I rapporti con gli albanesi

Valerio Navarra

Subito dopo nel narcotraffico sarebbero subentrati gli albanesi. “Un giro di circa 50 chili di droga. Era marijuana e una mattina Valerio Navarra si presentò a casa mia ad Asti, dicendo a mio padre che questa “erba” era stata chiesta da me. Ma non era vero, Navarra era alle strette perché non sapeva come risolvere questa situazione. Si presentò in Piemonte con i calabresi, tipo “l’avvocaticchio”, che ho riconosciuto nell’album fotografico e Pietro Grillo, e gli albanesi”.

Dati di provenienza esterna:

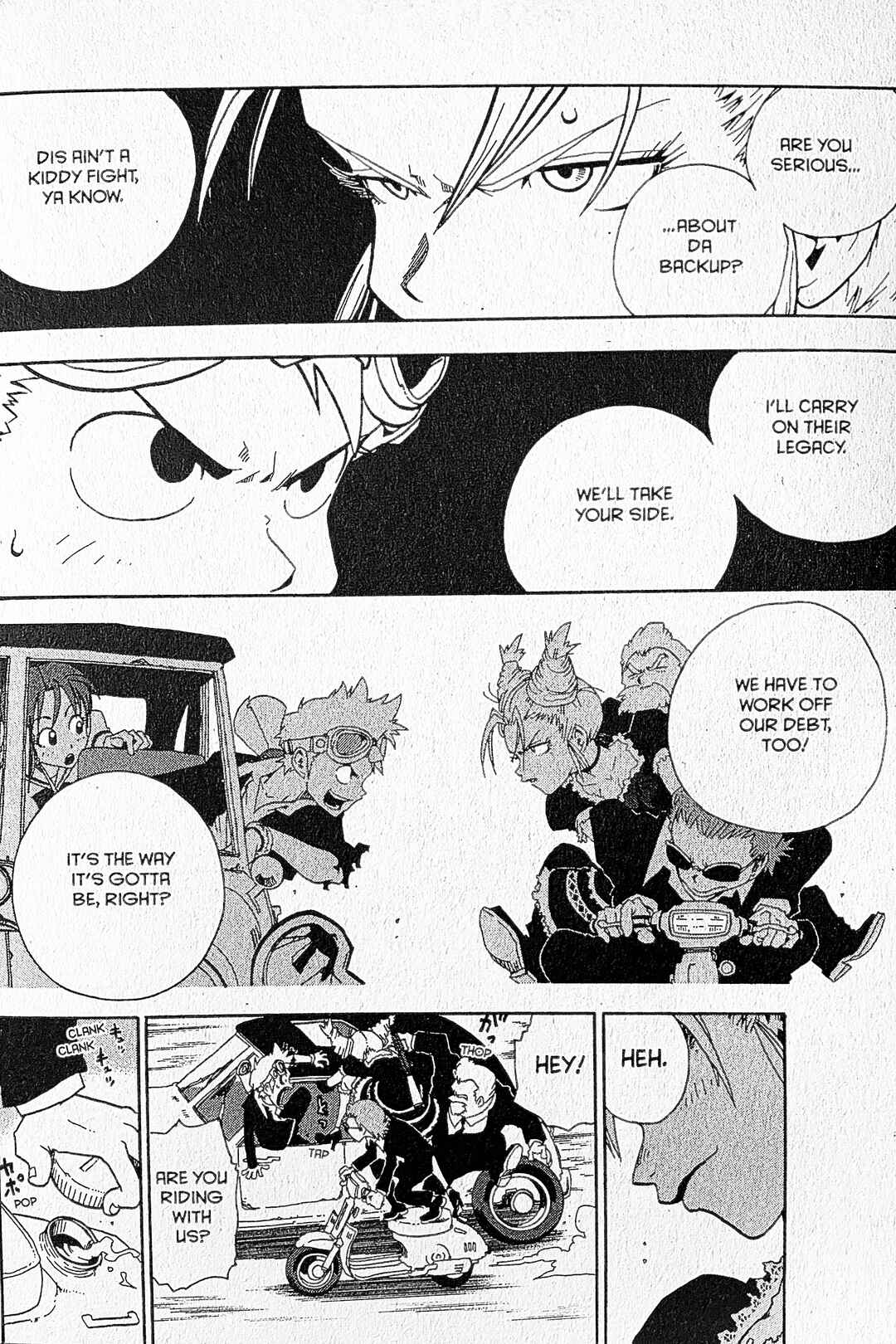 Page 8 Chapter 29 Toto! The Wonderful Adventure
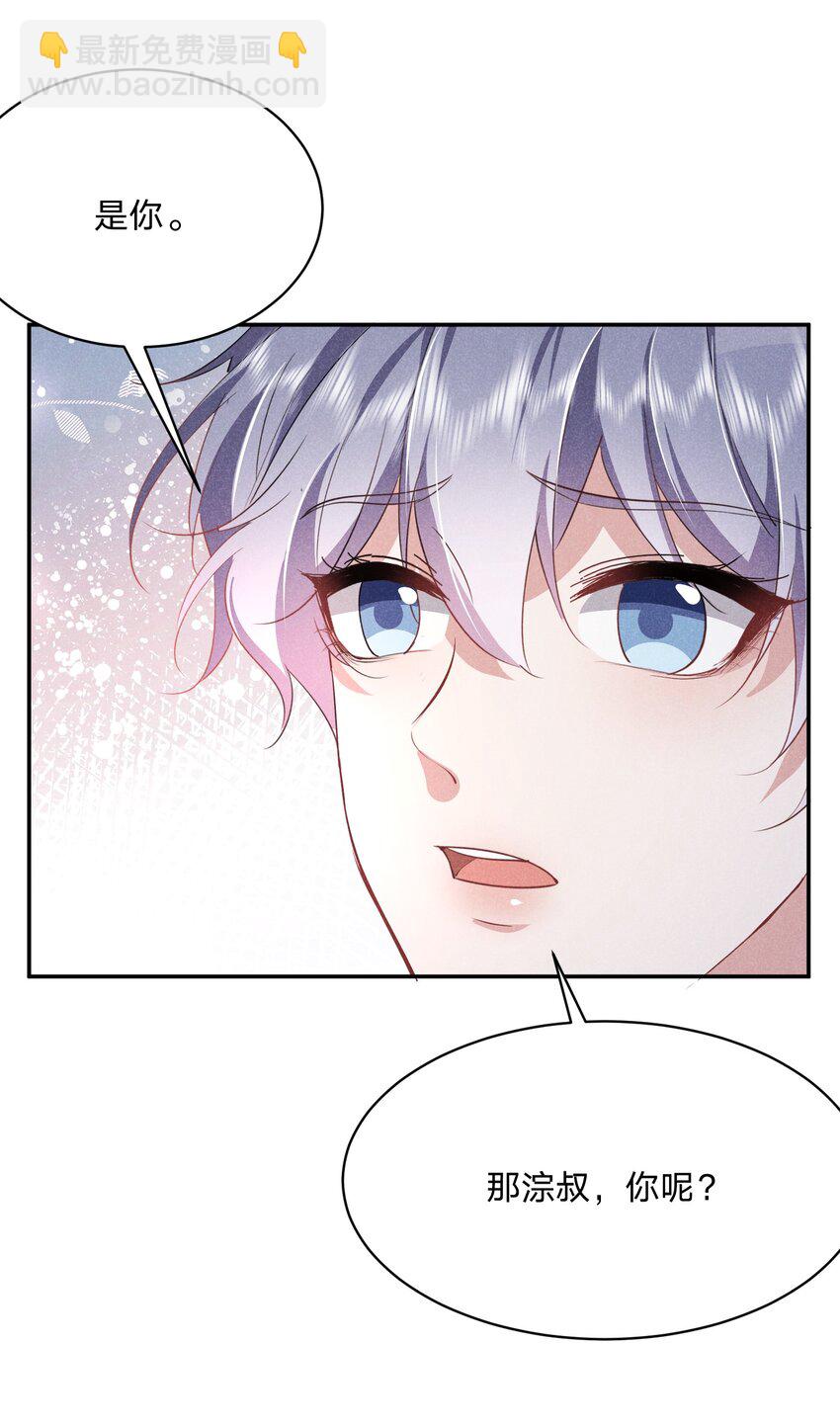 036 我喜欢你-第37话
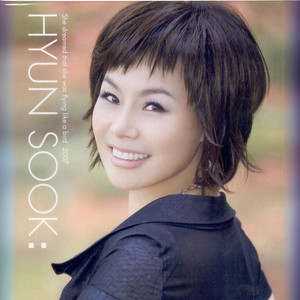 현숙 - 그대는 내 사랑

“Il carico fu trasportato da Florin” ha dichiarato Domenico Guastalegname il quale ha poi aggiunto: “Navarra riferì agli albanesi che mio padre era suo zio e papà in quell’occasione disse che aveva le mani legate e non poteva aiutarlo. Servivano infatti più di cinquantamila euro oltre che un posto dove custodirla. Di solito il deposito era in un palazzo dove abitava la sorella di mia suocera, c’erano appartamenti disabitati di cui nessuno era a conoscenza. Non c’era neanche l’elettricità, si trovavano comunque in piazza Castello ad Asti”.